• **What is being asked**:
Take the lines from the one containing "LIMETOW® Nail Repair Solution image" through the end of the material and write them out exactly, omitting pictures.

*** Materials provided ***

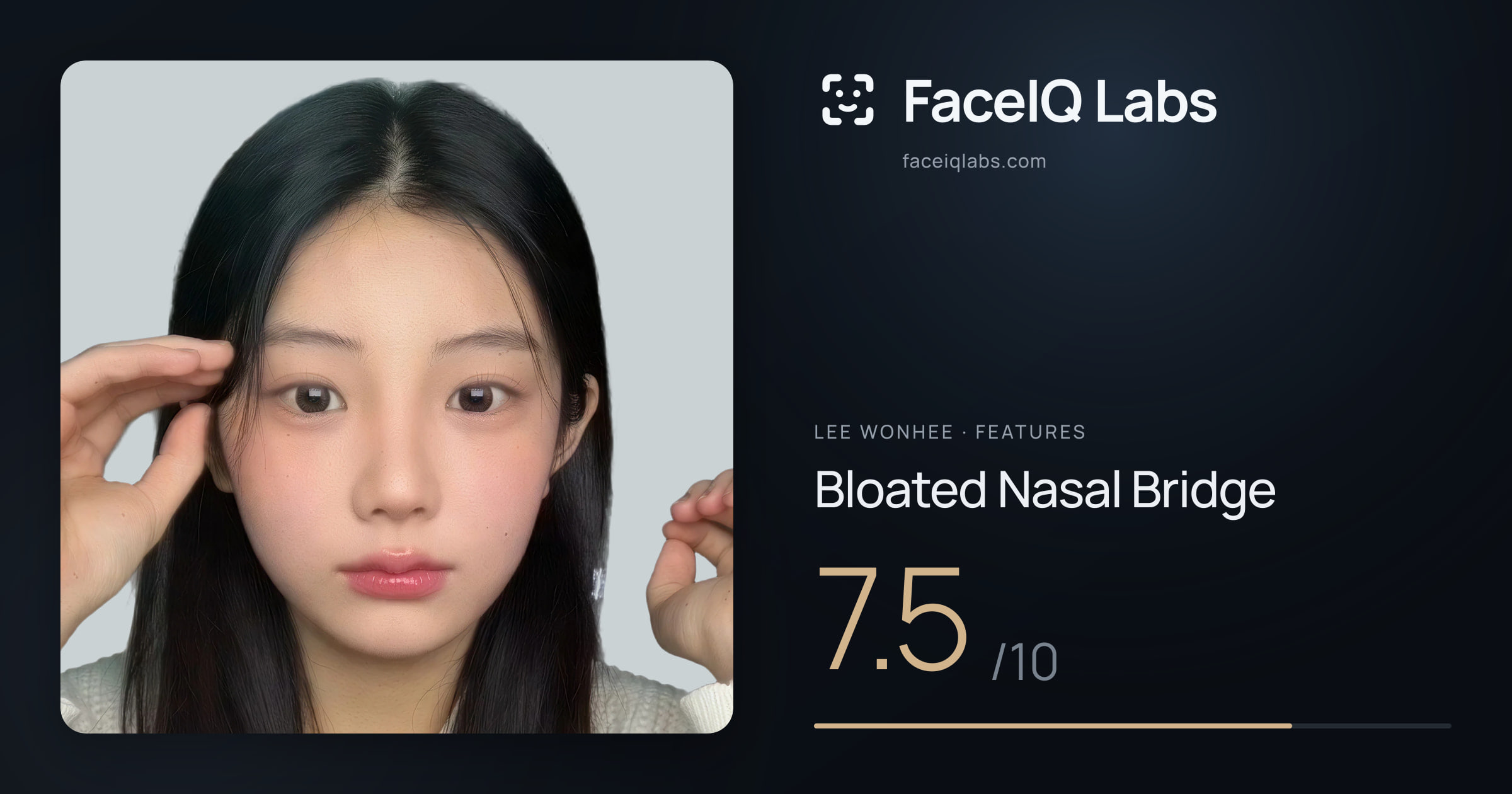 Lee Wonhee Bloated Nasal Bridge: 7.5/10, drawn on the photo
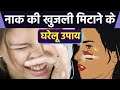 नाक में खुजली हो तो क्या करें नाक में ख�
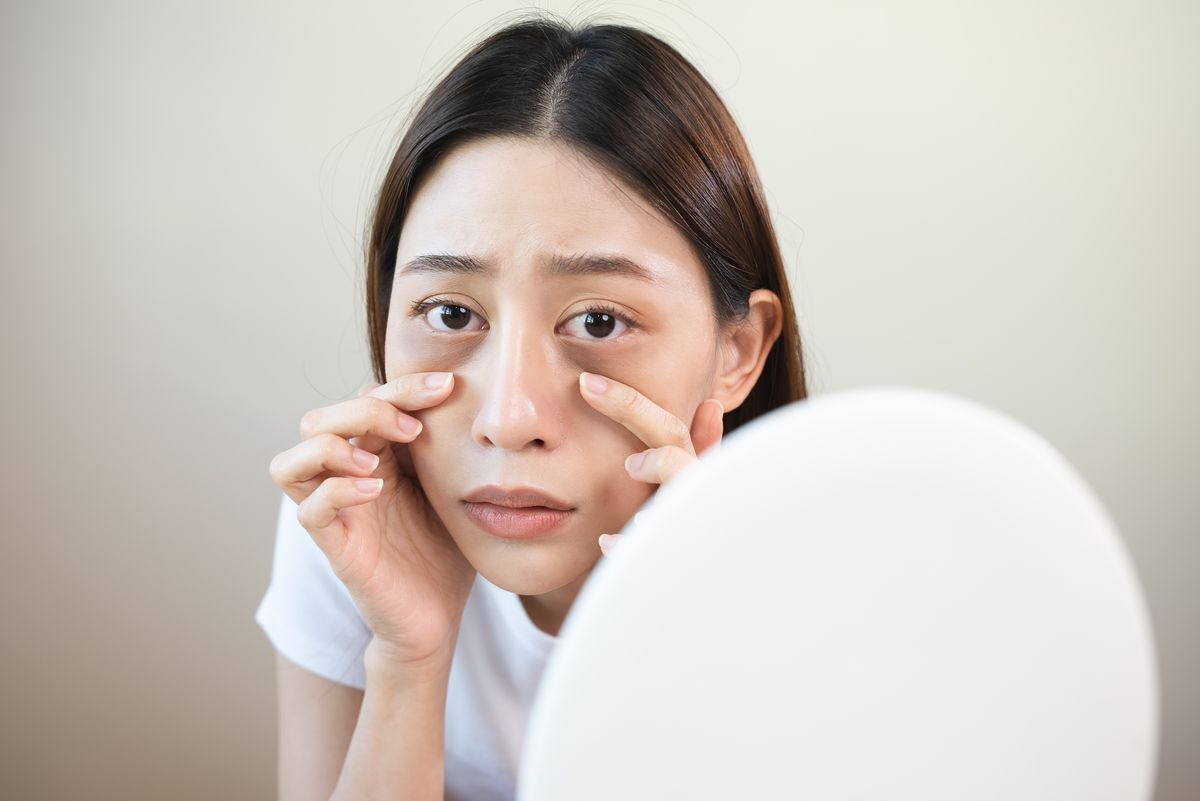 Woman touching her dark circles in front of a mirror.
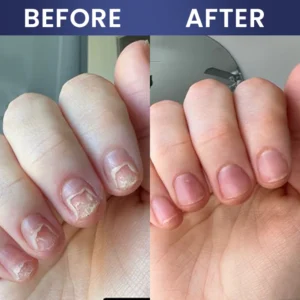 LIMETOW® Nail Repair Solution image LIMETOW® Nail Repair Solution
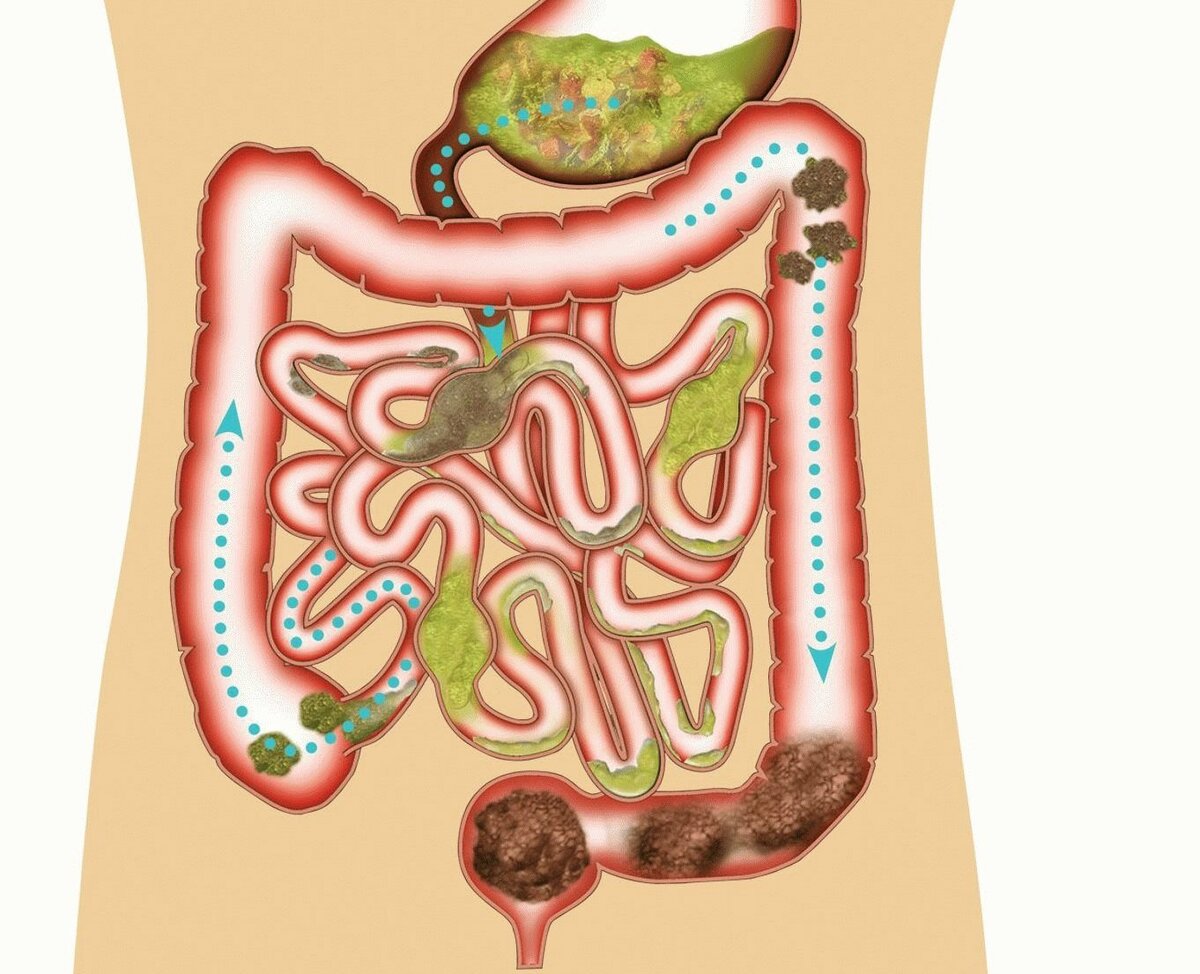 Ленивый кишечник самостоятельно без слабительного. Загрязненный кишечник.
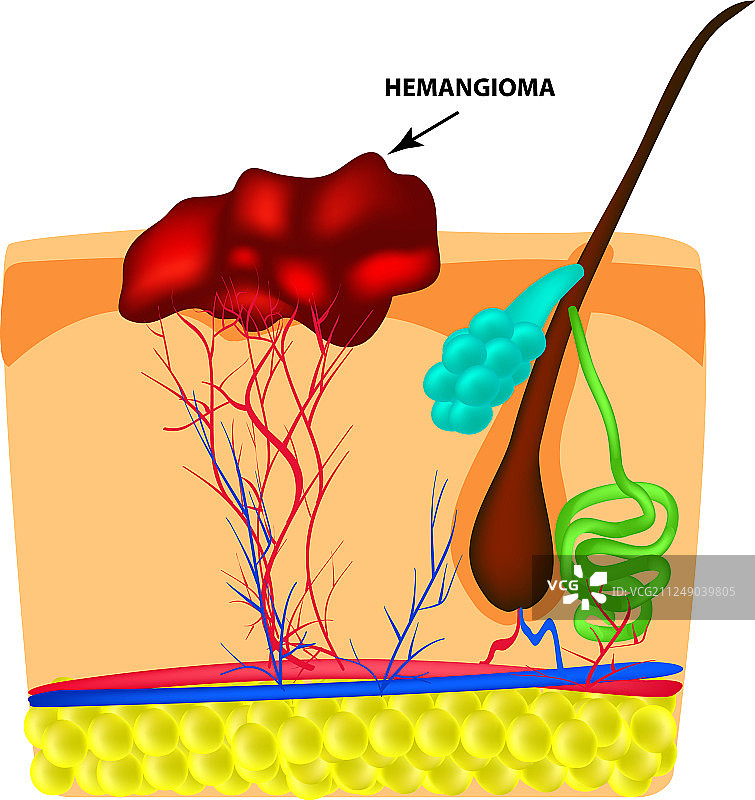 红色血管瘤结构图片素材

*** End of Materials provided ***

• **Solution to the problem**:
 LIMETOW® Nail Repair Solution image LIMETOW® Nail Repair Solution
 Ленивый кишечник самостоятельно без слабительного. Загрязненный кишечник.
 红色血管瘤结构图片素材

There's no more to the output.